Je pourrais exprimer encore beaucoup de motifs et exposer d’autres doutes, mais je me borne à dire, d’après ma propre expérience, puisque j’habite un pays où les haras champêtres sont en usage, qu’il y a réellement plus de chances pour la fécondation par la première méthode que par la seconde. Il est à désirer que le gouvernement fasse faire sur un article aussi important des expériences comparées dans ses haras ; la direction en est confiée à des hommes dont je connois tout le zèle et dont le talent m’est particulièrement connu ; je leur lègue ces réflexions pour les progrès de l’éducation d’un animal dont l’existence et la multiplication tiennent en quelque sorte à la force politique de l’état. Heureux les Français, quand ils ne s’en occuperont que pour les progrès de l’agriculture et l’accroissement des choses qui constituent l’économie politique !

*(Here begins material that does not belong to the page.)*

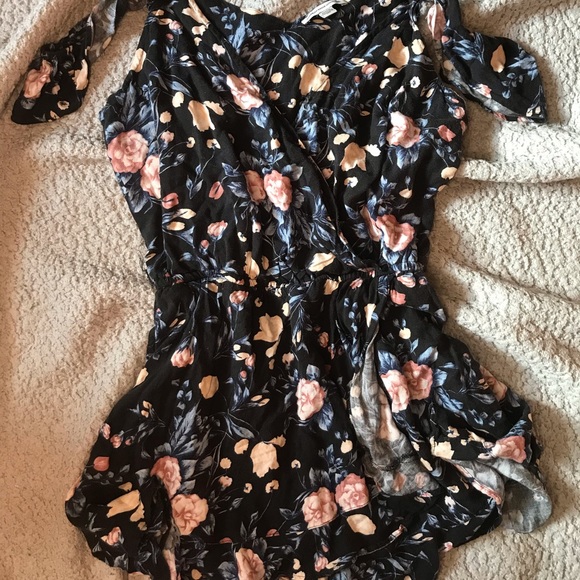 American Eagle Floral Romper size medium - Picture 1 of 5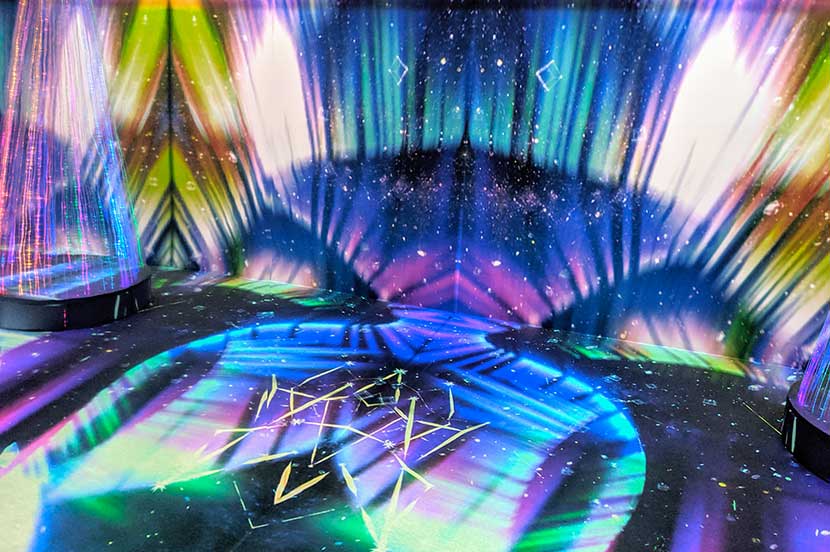 表参道の街中に雪がふる！光に包まれた幻想的なアート空間「SNOW FANTASIA Directed by NAKED」を体験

Que ceux donc qui dirigent les haras, que ceux qui en ont de particuliers, ne craignent pas de voir leurs étalons s’abandonner à une fougue long-tems impétueuse ; abandonnés à eux-mêmes, ils seroient bientôt calmes : les vieux étalons ordinairement vicieux et lubriques, par suite de leur esclavage, pourroient ne pas répondre au succès ; mais qu’on en forme à ce dessein, qu’on accoutume les jeunes chevaux à vivre avec les jumens, qu’on s’occupe plutôt à leur donner des forces, que de l’ardeur à soutenir la vigueur par un travail modéré (par celui de la charrue), au lieu de les énerver par le repos.